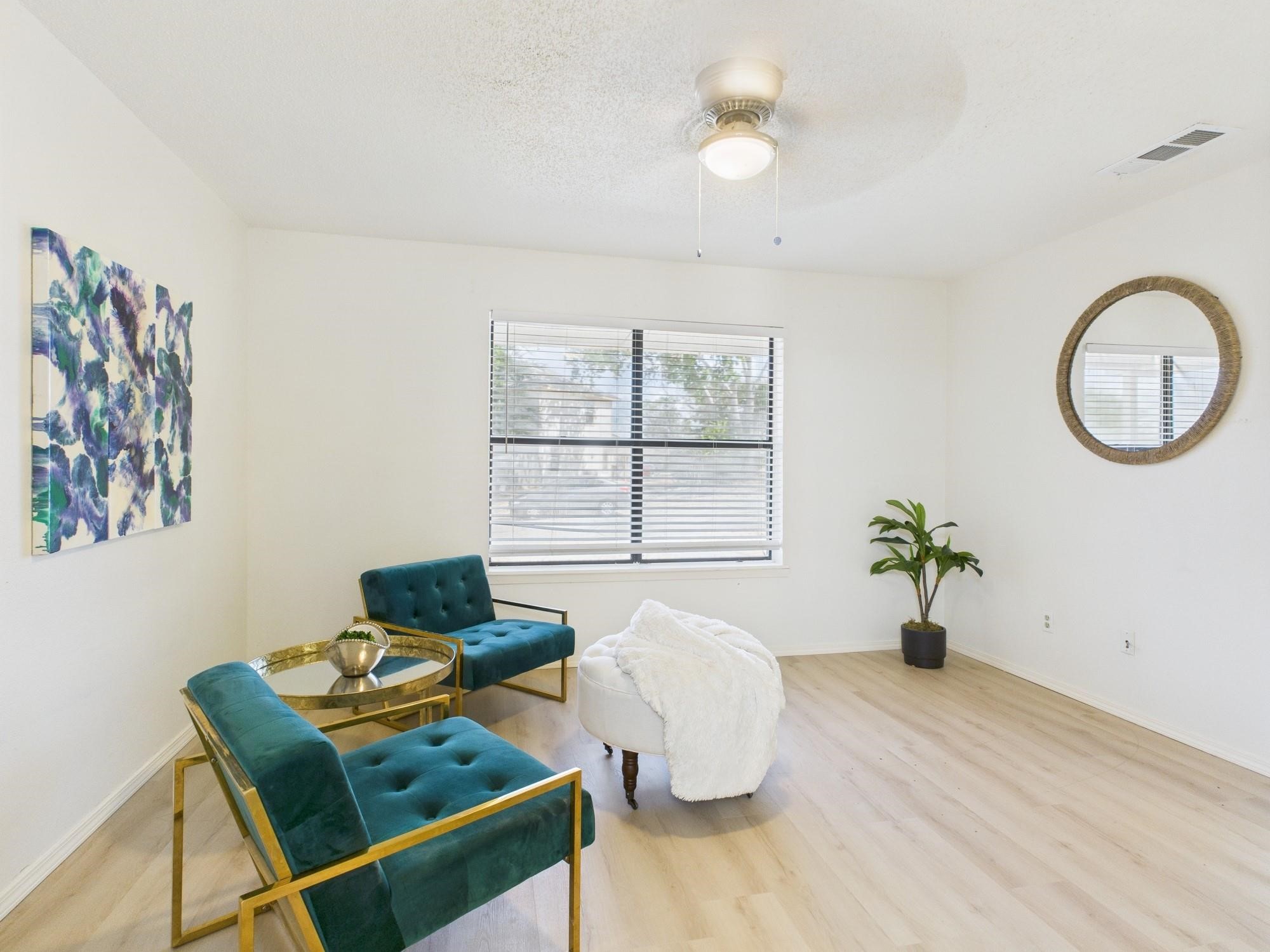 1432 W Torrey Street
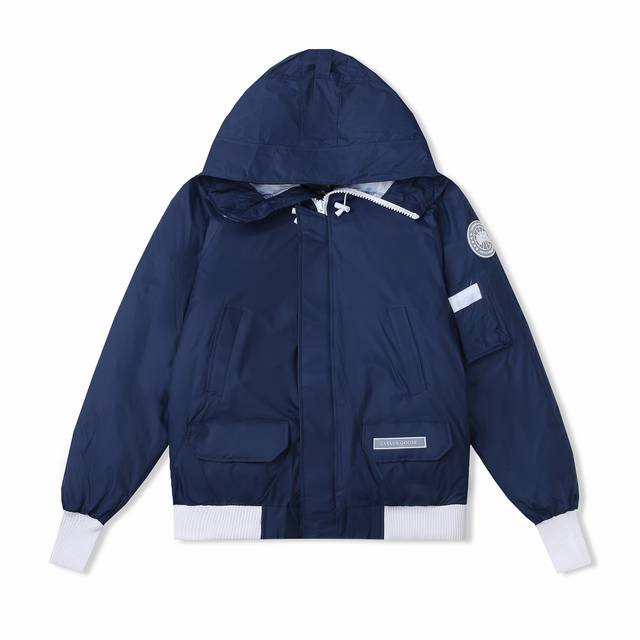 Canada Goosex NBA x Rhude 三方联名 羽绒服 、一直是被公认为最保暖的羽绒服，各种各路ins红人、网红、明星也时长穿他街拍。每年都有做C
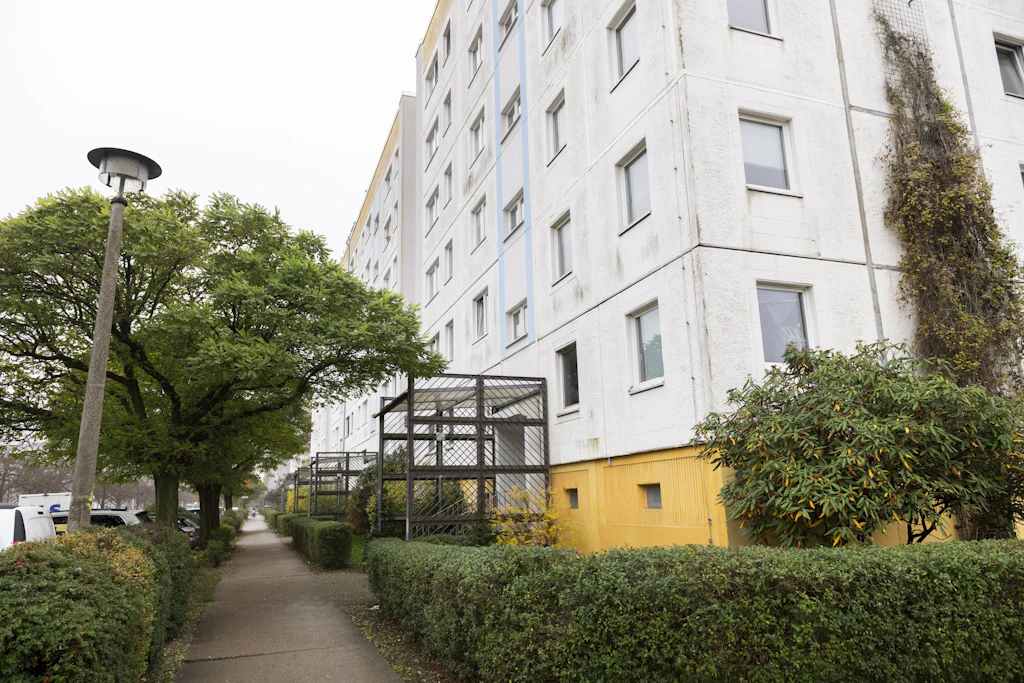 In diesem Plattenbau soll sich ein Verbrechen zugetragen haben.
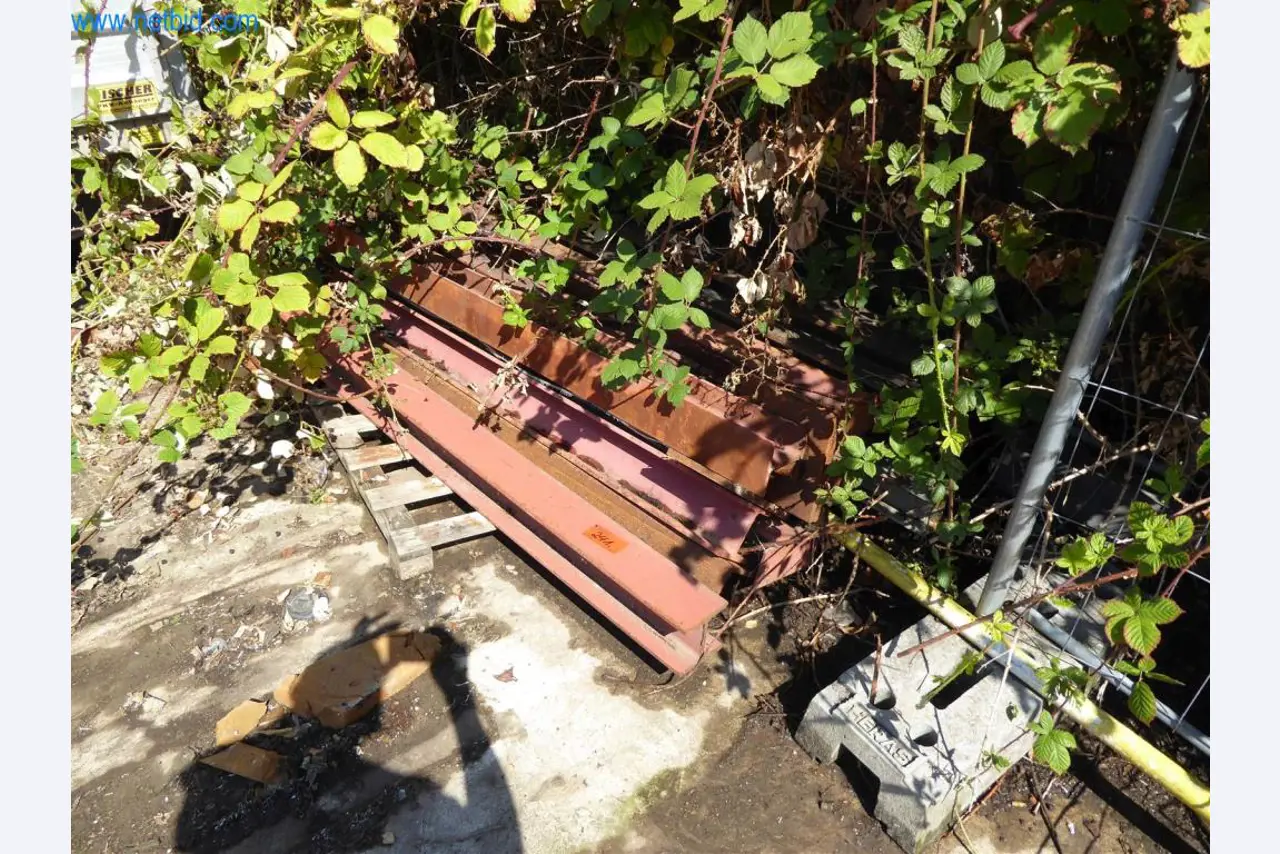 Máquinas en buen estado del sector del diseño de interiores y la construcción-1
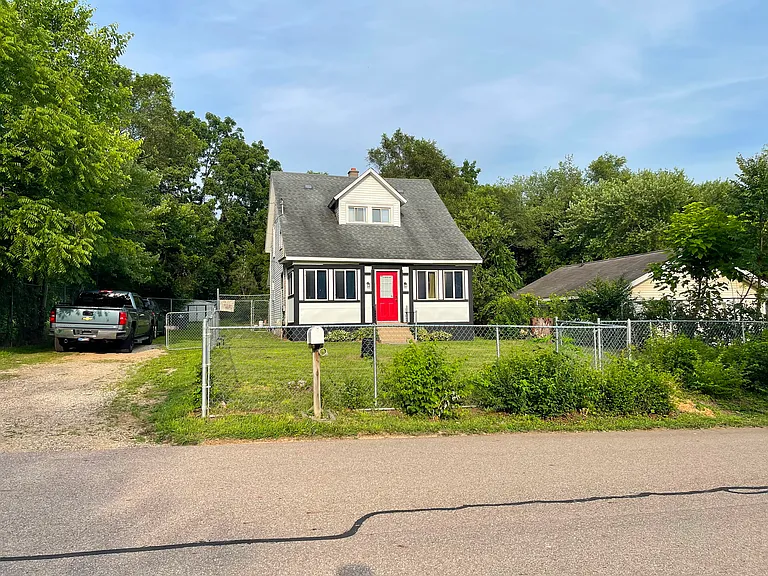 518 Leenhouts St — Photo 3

☆ ☆ ☆ ☆ ☆ ☆ ☆

**Problem to solve**. Without including any picture, write out the material above verbatim.

**Task response**.
 1432 W Torrey Street
 Canada Goosex NBA x Rhude 三方联名 羽绒服 、一直是被公认为最保暖的羽绒服，各种各路ins红人、网红、明星也时长穿他街拍。每年都有做C
 In diesem Plattenbau soll sich ein Verbrechen zugetragen haben.
 Máquinas en buen estado del sector del diseño de interiores y la construcción-1
 518 Leenhouts St — Photo 3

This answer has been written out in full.